Saviano si racconta: "Il sesso? Meglio al sud"

Saviano si racconta: "Il sesso? Meglio al sud"

"In una donna non amo i luoghi comuni, che mi smontano immediatamente. Cosa più mi colpisce? I dettagli. Non sono mai stato uno a cui piace la 'bella per tutti', la modella patinata": un Roberto Saviano inedito racconta alcuni aspetti intimi della sua vita a Chiara Gamberale, nel programma "Io, Chiara e l'Oscurò", in onda dal lunedì al venerdì alle 10 su Radio2.

E si diverte, quando gli viene chiesto perché preferisce fare l'amore al sud: "Perché non posso più andare al sud e come tutte le cose che ti vengono tolte, poi ti piacciono di più".

"L'amore - chiarisce però lo scrittore - si incontra quando non hai intorno tutto il sistema di protezione, e si incontra in casa, quando hai una casa. E' tutto complicato ma la cosa più complicata di tutte è essere sempre li, pronto a nascondersi".

"Ho una madre nata a Trento - racconta Saviano -, famiglia ligure di origine ebraica, e un padre napoletanissimo che mi ha iniziato a Diego Armando Maradona. Quando penso ai miei genitori, il primo sentimento è sempre il senso di colpa: devono solo nascondersi e subire lo sfottò. "Il primo ricordo della vita - aggiunge - è la mia casa a Sant'Anna di Palazzo, quella dove sono cresciuto ai quartieri spagnoli. Mi manca moltissimo e ancora sogno di vivere lì, dove non vivono più neanche i miei genitori, perché Gomorra ha spazzato via tutto".

"Dopo Gomorra - afferma lo scrittore - ricordo bene il primo giorno in cui sono venuti a prendermi con la scorta, alla stazione di Napoli. Mi portano a Sant'Anna di Palazzo, mi fanno loro il trasloco caricando pacchi con su scritto 'Carabinieri' in un'altra auto. La cosa terribile è che le persone si riunirono attorno alla macchina, e una disse 'finalmente ti hanno arrestato', che è esattamente il contrario di quel che dicono quando arrestano un camorrista".

Un balzo all'indietro e si torna al racconto di Saviano adolescente, quando "ho cercato di entrare nella legione straniera e una volta, con un mio amico, tentai di imbarcarmi. Anche lì non ci hanno preso, perché vedevano che eravamo solo due ragazzini pieni di libri e niente altro. In amore, invece, - continua nella lunga intervista - ero appassionato di libri e pensavo che quello fosse il passaggio per fare innamorare: ti innamori delle mie storie, quindi ti innamori di me".
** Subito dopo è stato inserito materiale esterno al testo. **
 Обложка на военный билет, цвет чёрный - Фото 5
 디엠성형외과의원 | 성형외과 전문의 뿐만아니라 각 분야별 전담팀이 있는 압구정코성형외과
La cosa che più mi disgusta tra quelle fatte da Berlusconi? "Potrei dare molte risposte, do quella che mi riguarda personalmente, che mi ha tolto il sonno di una notte: quando ha detto che ho dato supporto promozionale alle mafie, scrivendo il mio libro. Ha detto che chi racconta queste cose diffama il Paese. E' una roba terribile, sia perché ha infangato la memoria delle persone morte per raccontare di mafia, molte in Italia, e sia perche ha perso un' occasione. Bisognava, non dire che chi racconta infanga, ma invitare semmai gli italiani che all'estero sono sotto pressione per il luogo comune 'mafia', ad affrontare il problema e non a minimizzarlo". Sul rapporto con la morte Saviano afferma: "Mi sento onesto se dico che è un rapporto talmente quotidiano con la morte che a forza di parlarne la sento lontanissima".

"Come mi vedo tra 10 anni? Immagino un uomo con la possibilità di una famiglia e soprattutto la possibilità di compiere un capolavoro, cioé ricostruirmi una vita".

C'é spazio per un ulteriore aneddoto: "Mia madre a volte mi dice, 'in fondo ti e' andata bene con quello che è successò, perché mi cacciavo sempre nei guai".